Correlation analysis offers a means for estimating the reaction rates of organic pollutants.

Delegates from 110 countries met in Geneva in 1999 in an ongoing attempt to develop an international treaty to control or phase out 12 persistent organic pollutants (POPs), including the agrochemicals Dieldrin, Endrin, and DDT (1). These POPs are suspected endocrine disrupters. It is claimed that they cause immune, reproductive, and child development disorders, and they have been implicated in the decline or extinction of many species of animals (2).

Although POPs have already been banned in many countries, they are still used in some parts of the world because of economics or the lack of locally available alternative herbicides and pesticides.
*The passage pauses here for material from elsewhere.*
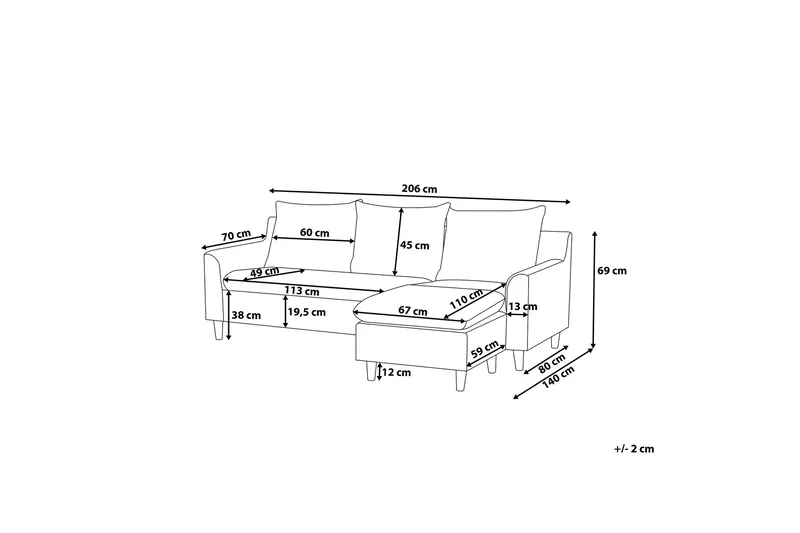 Elvenes Hörnsoffa 206 cm - Grå - Möbler - Soffa - Divansoffor & schäslongsoffa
In many such areas, it is argued that the consequences of not controlling the mosquito that carries malaria are far higher than the potential problems created by the presence of DDT in the local environment. Hence, POPs pollute the environment because of their continued use, persistence, and the apparent ease with which they are transported globally. According to one source, it was claimed in 1972 that already more than a million pounds of DDT had been deployed around the globe since World War II and that many U.S. citizens then carried as much as 10 parts per million of DDT in their body fat (2). DDT has even been found in the bodies of birds and fish in Antarctica, thousands of miles from the nearest dispersion site.
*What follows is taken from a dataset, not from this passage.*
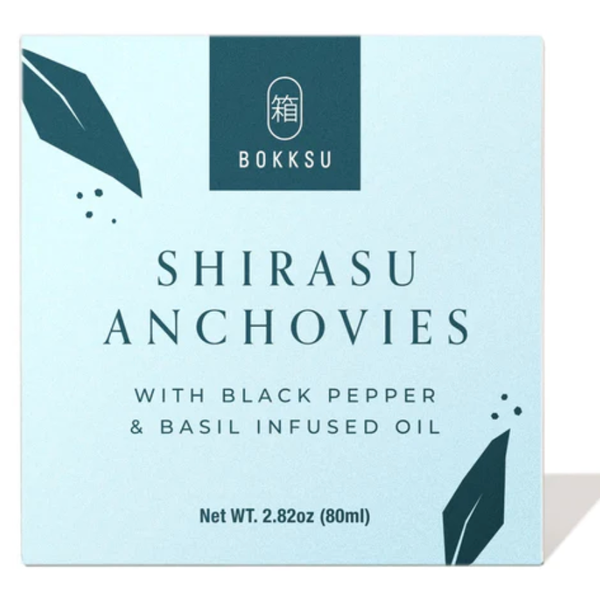 Bokksu Tinned Shirasu Anchovies with Black Pepper and Basil-Infused Oil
Of further concern, some of the newer and supposedly safer agrochemicals have been implicated in amphibian decline (3). For example, on the eastern slopes of the Sierra Nevada mountains in California, several species of amphibians are thriving, but on the western slopes, where significant concentrations of agrochemicals have been found in the water, the same species are in decline. The suspected agrochemicals, including atrazine, metolachlor, and chlorpyrifos, are being deployed to the west of the mountains. Apparently, the westerly winds then carry the agrochemicals and deposit them on the western mountain slopes where they impact the amphibian populations (see Figure 1).

As organochlorine agrochemicals and POPs are likely to continue polluting our environment for the foreseeable future, the ability to reliably predict dehalogenation rates would aid in the development of remediation methods and could provide a basis for legislative regulation of new organochlorine products.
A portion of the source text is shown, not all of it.